# Problem requirements
In the data below, find every line with the word "quartos" and copy it out.

═══ Supplied material ═══

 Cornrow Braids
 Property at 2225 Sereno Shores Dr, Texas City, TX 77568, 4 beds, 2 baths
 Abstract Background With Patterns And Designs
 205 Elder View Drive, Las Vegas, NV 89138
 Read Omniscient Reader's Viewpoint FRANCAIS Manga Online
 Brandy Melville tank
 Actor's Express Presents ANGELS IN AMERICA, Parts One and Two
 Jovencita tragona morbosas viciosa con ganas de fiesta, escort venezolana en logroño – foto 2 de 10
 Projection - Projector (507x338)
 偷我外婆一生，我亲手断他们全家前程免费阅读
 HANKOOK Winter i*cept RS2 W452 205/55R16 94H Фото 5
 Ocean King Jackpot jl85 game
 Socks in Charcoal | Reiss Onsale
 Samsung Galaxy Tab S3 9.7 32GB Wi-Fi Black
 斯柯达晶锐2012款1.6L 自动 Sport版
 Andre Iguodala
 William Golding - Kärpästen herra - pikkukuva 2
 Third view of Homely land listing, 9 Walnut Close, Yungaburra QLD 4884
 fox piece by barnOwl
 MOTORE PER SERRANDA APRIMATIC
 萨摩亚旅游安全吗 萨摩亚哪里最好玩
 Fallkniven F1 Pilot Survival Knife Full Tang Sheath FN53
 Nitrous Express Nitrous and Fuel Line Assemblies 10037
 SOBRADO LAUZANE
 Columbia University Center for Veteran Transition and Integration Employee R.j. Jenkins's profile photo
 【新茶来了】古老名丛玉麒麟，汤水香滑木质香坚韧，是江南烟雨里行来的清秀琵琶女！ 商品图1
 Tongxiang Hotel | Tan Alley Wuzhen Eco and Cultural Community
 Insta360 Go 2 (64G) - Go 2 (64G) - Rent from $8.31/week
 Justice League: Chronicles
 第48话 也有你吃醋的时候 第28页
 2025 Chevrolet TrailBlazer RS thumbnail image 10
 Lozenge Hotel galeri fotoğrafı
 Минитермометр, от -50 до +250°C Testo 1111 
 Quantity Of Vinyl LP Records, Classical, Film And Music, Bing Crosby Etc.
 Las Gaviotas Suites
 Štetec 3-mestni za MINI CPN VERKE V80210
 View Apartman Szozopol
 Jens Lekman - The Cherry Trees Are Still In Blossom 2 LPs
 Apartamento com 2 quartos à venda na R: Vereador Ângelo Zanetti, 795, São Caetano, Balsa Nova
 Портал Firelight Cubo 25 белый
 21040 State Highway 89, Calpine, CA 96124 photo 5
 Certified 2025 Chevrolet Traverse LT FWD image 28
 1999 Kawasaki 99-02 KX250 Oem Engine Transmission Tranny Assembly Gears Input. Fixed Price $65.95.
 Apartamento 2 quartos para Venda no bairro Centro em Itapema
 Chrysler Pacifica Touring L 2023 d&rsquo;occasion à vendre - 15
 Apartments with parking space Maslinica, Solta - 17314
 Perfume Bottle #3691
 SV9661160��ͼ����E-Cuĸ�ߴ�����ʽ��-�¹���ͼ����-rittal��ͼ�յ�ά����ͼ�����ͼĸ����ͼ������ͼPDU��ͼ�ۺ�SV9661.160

═══

# Result of this exercise
 Apartamento com 2 quartos à venda na R: Vereador Ângelo Zanetti, 795, São Caetano, Balsa Nova
 Apartamento 2 quartos para Venda no bairro Centro em Itapema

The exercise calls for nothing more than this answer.